Foxtail barley, squirreltail barley, Hordeum jubatum
Foxtail barley is a native, tufted, perennial grass with stems that are erect or bent to one side, reaching 30-100 cm tall. It has flat leaf blades and an inflorescence consisting of a nodding, dense spike that appears bristly due to the long awns on all the flower parts. The heads are an attractive green or pale purple, becoming straw-coloured at maturity when they start to break up. There are three spikelets at each node of the spike, the two lateral ones on short stalks and consisting only of 1-3 awns. The central, fertile spikelet lacks a stalk and contains a single floret. The glumes of this floret are narrow and rigid and vary from short (ca. 3.5 cm) to 9 cm long, and extend into long awns; the lemma is 5-7 mm long with an awn as long as the glumes.

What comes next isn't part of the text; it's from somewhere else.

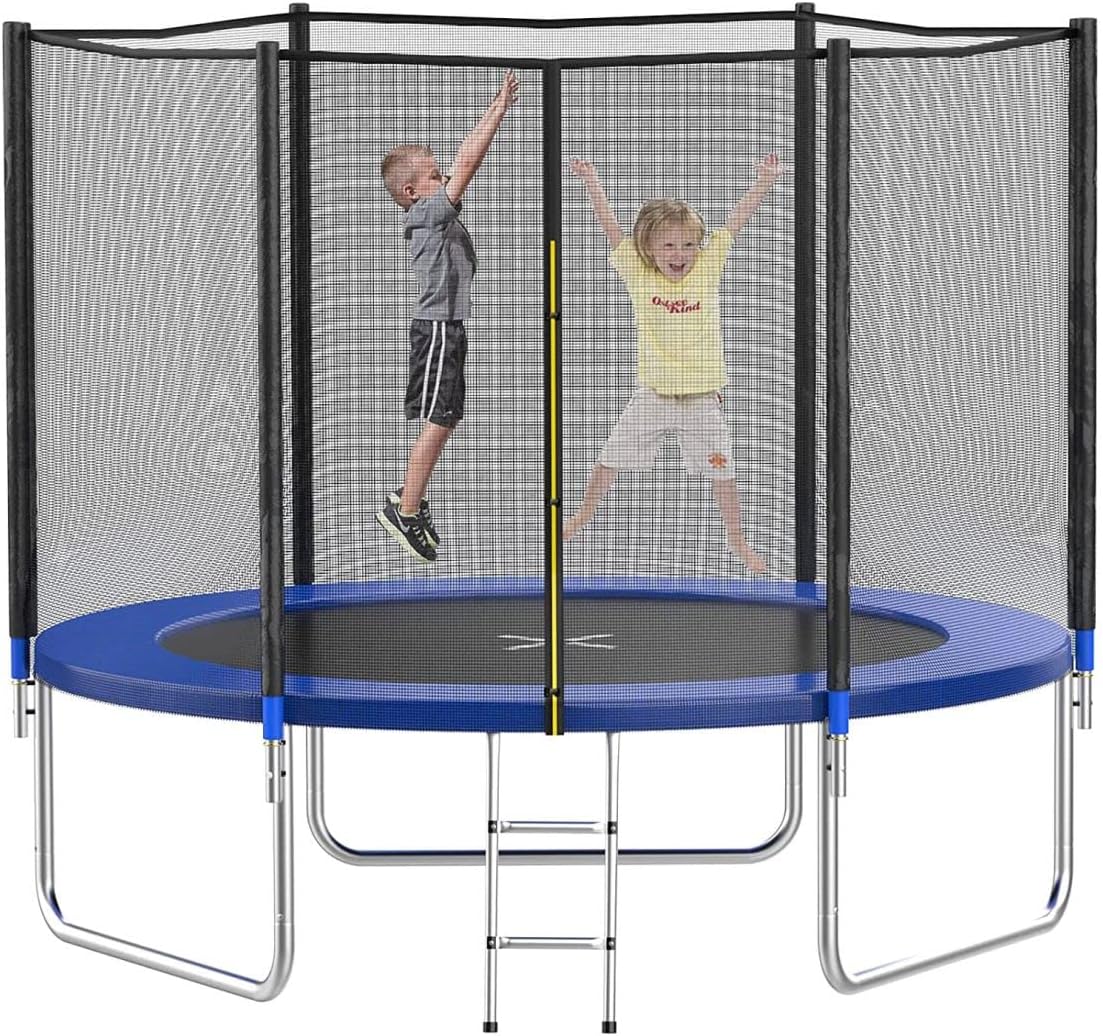 AOTOB 8FT 10FT 12FT 14 FT 15FT Trampoline with Safety Enclosure Net，Outdoor Trampoline with Basketball Hoop, Heavy Duty Jumping Mat and Spring Cover Padding for Kids and Adults, Storage Bag and Ladder wourant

The elliptical grains also bear long (ca. 7 cm) awns.
This grass is common and familiar on open waste ground and roadsides in urban situations, especially where roads have been salt-treated. However, since it favours soils with a high pH (alkaline) it is particularly abundant around saline lakes, colonizing shorelines aggressively as the water line recedes. Easily recognized, foxtail barley is an ornamental grass to some and a weed to others. Ranchers, for example, particularly dislike it as the awns, equipped with minute barbs, are injurious to cattle’s mouths.
Two subspecies are distinguished. Subspecies xintermedium occurs from BC to Ontario and has shorter glumes and lemma awns than the typical subspecies, subsp. jubatum, which is widespread across Canada (introduced in Labrador) and the U.S. (except the southeast). Foxtail barley has an interesting pedigree: it is a hybrid of polyploid origin, from natural crossing of a Siberian Hordeum species with an extinct relative of the meadow foxtail, Hordeum brachyantherum, that grows in California. If you come across a grass that looks a bit different, rather like skinny-spiked foxtail barley or a long-awned wheatgrass, you may have encountered the hybrid, Macoun’s wildrye, xElyhordeum macounii, a cross between slender wildrye, Elymus trachycaulus, and Hordeum jubatum.


References
Canadensys Vascan (online)
Catling, Paul M. & Gisele Mitrow. Major invasive alien plants of natural habitats in Canada. 1. European Common Reed (often just called Phragmites). 2009? CBA/ABC Bulletin 44 (2), pp. 52-61.
Flora of North America, Hordeum jubatum, Vol. 24, p. 245.
Flora of North America, Puccinellia nuttalliana, Vol 24, p. 475.
Flora of North America, Puccinellia distans, Vol. 24, p. 473.
Kershaw, Linda and Lorna Allen. 2020. Vascular Flora of Alberta. An Illustrated Guide. Self-published. Kindle Direct Publishing.
Moss, E. H. 1983. Flora of Alberta. 2d ed. edited by J.G. Packer. Toronto, University of Toronto Press.